I że potem ma jakiś syndrom zalegania afektu, bo pamięta o tym miesiącami, przeżywając i przeżuwając swoje – rzekome – upokorzenia. Ale dotyczy to chyba większej ilości ludzi mediów – potrafią walić w polityka ile wlezie, ale jak sami dostaną małego prztyczka w nos, wyją w niebogłosy, że to podłość, agresja i chamstwo.
Bo zaiste – polityk musi mieć twardą skórę i krótką pamięć. Jakbym brał do siebie wszystko to, co ktoś o mnie napisał czy powiedział, to musiałbym chyba zakończyć znajomości z połową ludzi w Polsce. Ale nie robię tego, bo wiem, że taki już jest "pieprzony los kataryniarza, to znaczy – przepraszam – osoby publicznej". Miałem juz tego przedsmak jako komentator polityczny, ale wzmogło się to jeszcze od czasu, jak zostałem czynnym politykiem. Ale przyjmuję to z dobrodziejstwem inwentarza – rzadko się obrażam, nie wytaczam procesów sądowych, nie załamuję się, jak przeczytam czy usłyszę o sobie coś bardzo niepochlebnego. I tak chyba powinien postępować polityk – uznać, że jest obiektem publicznej krytyki (czasem niezwykle niesprawiedliwej) i że będzie musiał to dzielnie znosić. Twardym trza być, a nie mientkim….
Ale w polityce – oprócz twardej skóry – należy mieć także krótką pamięć. Politycy bardzo często wchodzą z sobą w ostre konflikty, by zaraz po tym o nich zapomnieć. Inaczej się nie da, po prostu. Zarówno na sali plenarnej, w studiach telewizyjnych, jak i w kuluarach, często wchodzimy z sobą w ostre, czasami osobiste, zwarcia, ale źle postępuje ten, komu zalega potem afekt i nosi w sobie uraz do swojego interlokutora. Oczywiście, są takie słowa i takie czyny, które wymagają reakcji i odporu, ale większość słów i czynów politycy puszczają mimo uszu i przechodzą nad nimi do porządku dziennego. Inaczej się nie da – bo utrudnia to pracę polityczną oraz odbija się negatywnie na psychice.

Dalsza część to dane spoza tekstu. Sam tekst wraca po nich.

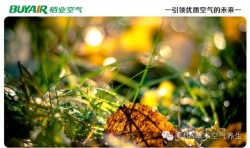 步入秋天，空氣凈化器不可或缺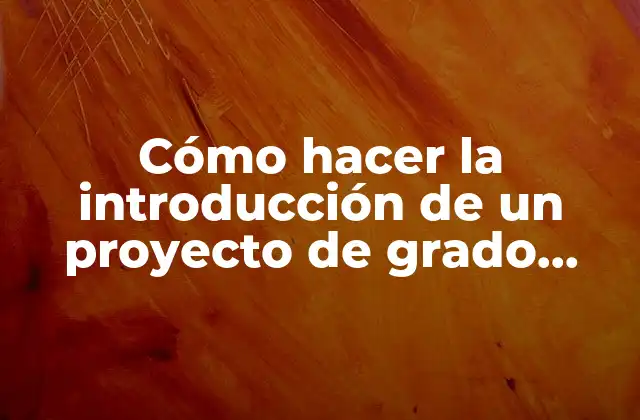 Cómo Hacer la Introducción de un Proyecto de Grado Ejemplos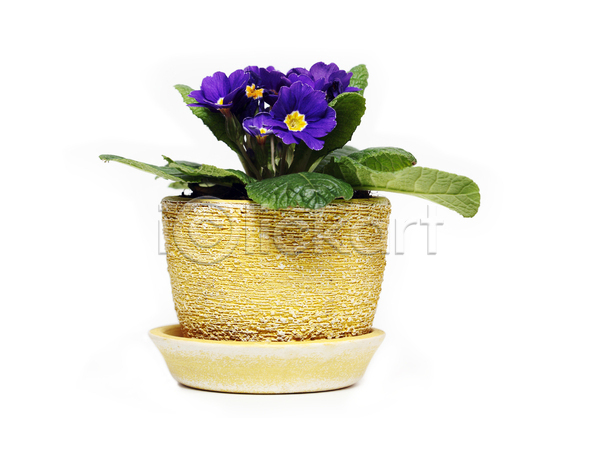 사람없음 JPG 포토 해외이미지 가정 고립 꽃 먼지 식물 원예 제비꽃 화분
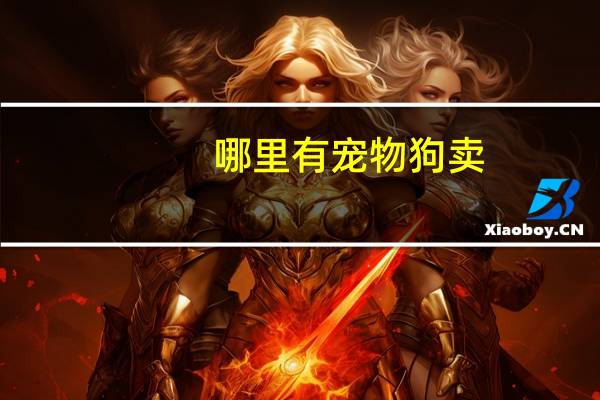 哪里有宠物狗卖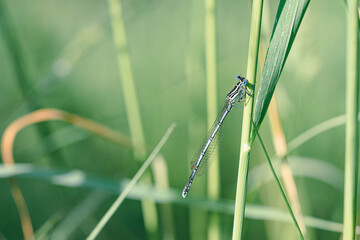 Libelle, Natur, biotop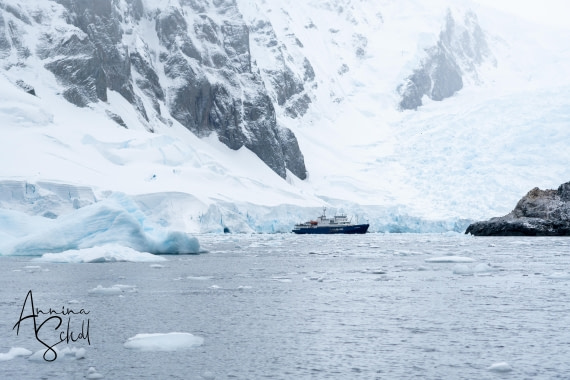 PLA28-26, Day 5, DSC06762 © Annina Scholl - Oceanwide Expeditions.jpg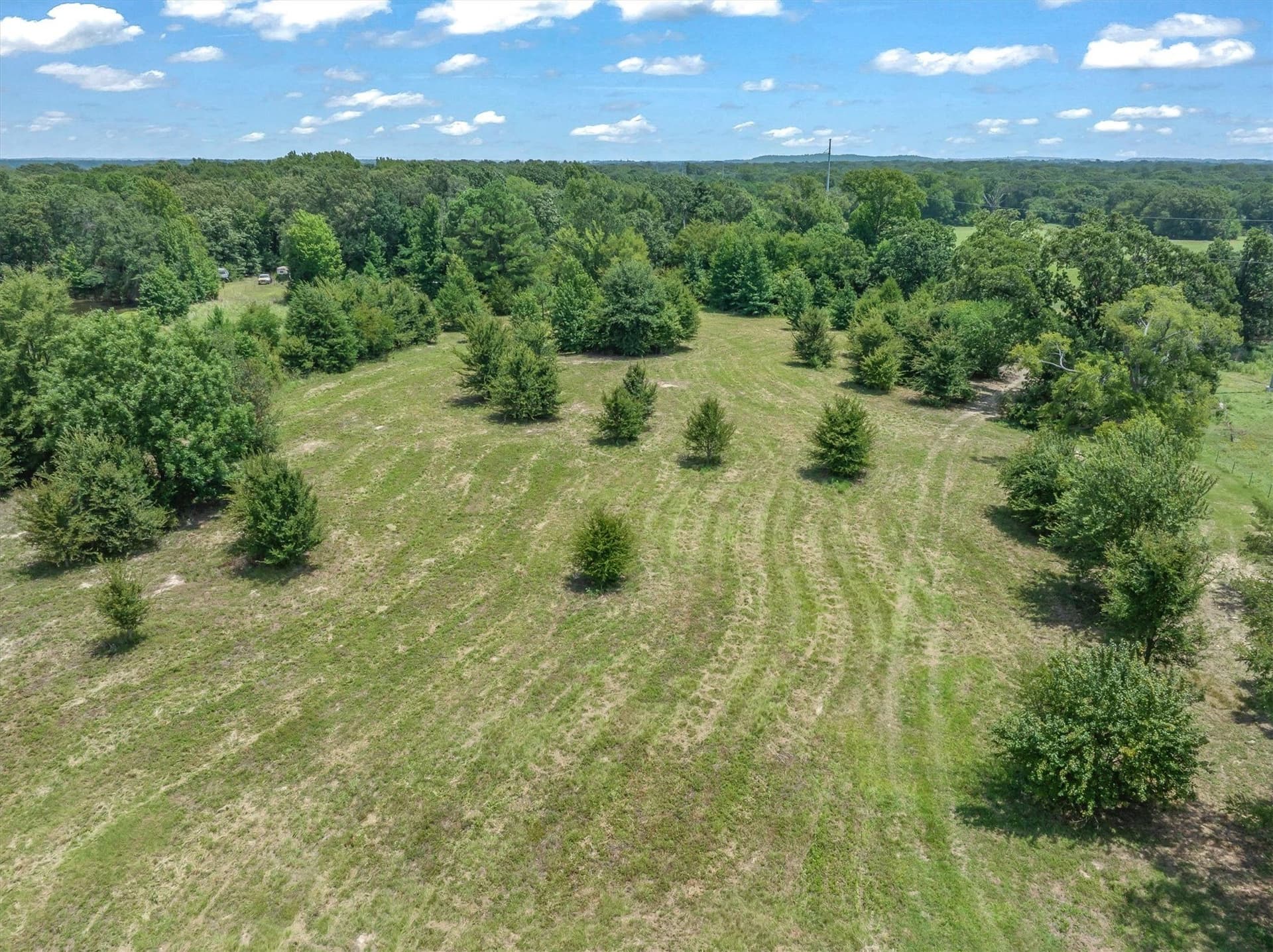 25 acres in Henderson County gallery image 2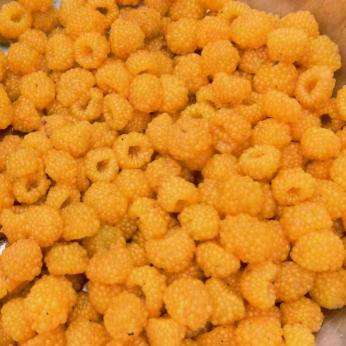 花菜姐妹🌸🌸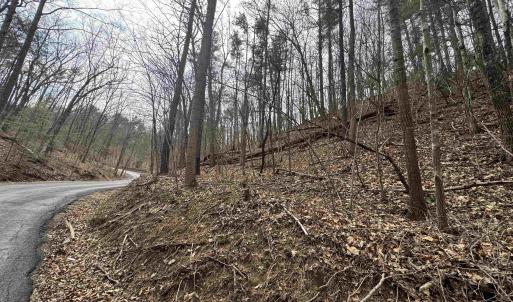 Photo #9 of TBD FAIRWAY DR, BASYE, VA 0.5 acres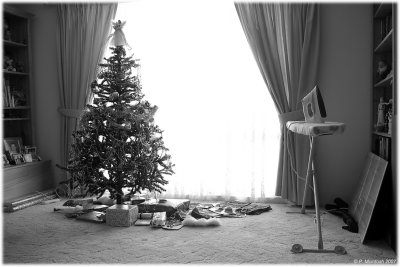 Christmas Domesticity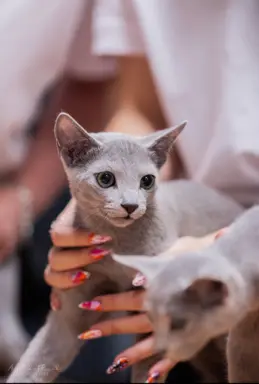 Śliczne kocięta rasy Rosyjski Niebieski (rodowody FPL) 1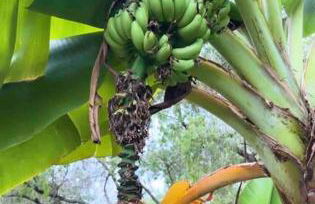 Pool! Best location! Steps to the water! Kid friendly! - Foto 51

A więc twarda skóra (zwłaszcza na d…) oraz krótka pamięć – oto dwa warunki funkcjonowania w polityce bez groźby utraty zmysłów. Trochę to na początku kosztuje i trzeba się tego nauczyć, ale bez nabycia tych dwóch umiejętności nie sposób normalnie żyć, jako osoba publiczna. Słabsze osobniki wytaczają procesy sądowe (sam mam taki procesik z charyzmatycznym szefem sztabu wyborczego ostatniej kampanii PiS, Tomkiem Porębą, który poczuł się urażony moją sugestią, że donosił na kolegów) lub obrażają się na cały świat. Ale zawsze się na tym traci – i w opinii publicznej (wychodzi się na beksę oraz mięczaka) i w sferze emocjonalnej (uzależnia się człek od swojego potwarcy i przeżywa jakiś epitet po wielokroć). Dlatego wszystkim, którzy chcą wejść do polityki, doradzam – utwardzać siedzenie i nie jeść magnezu.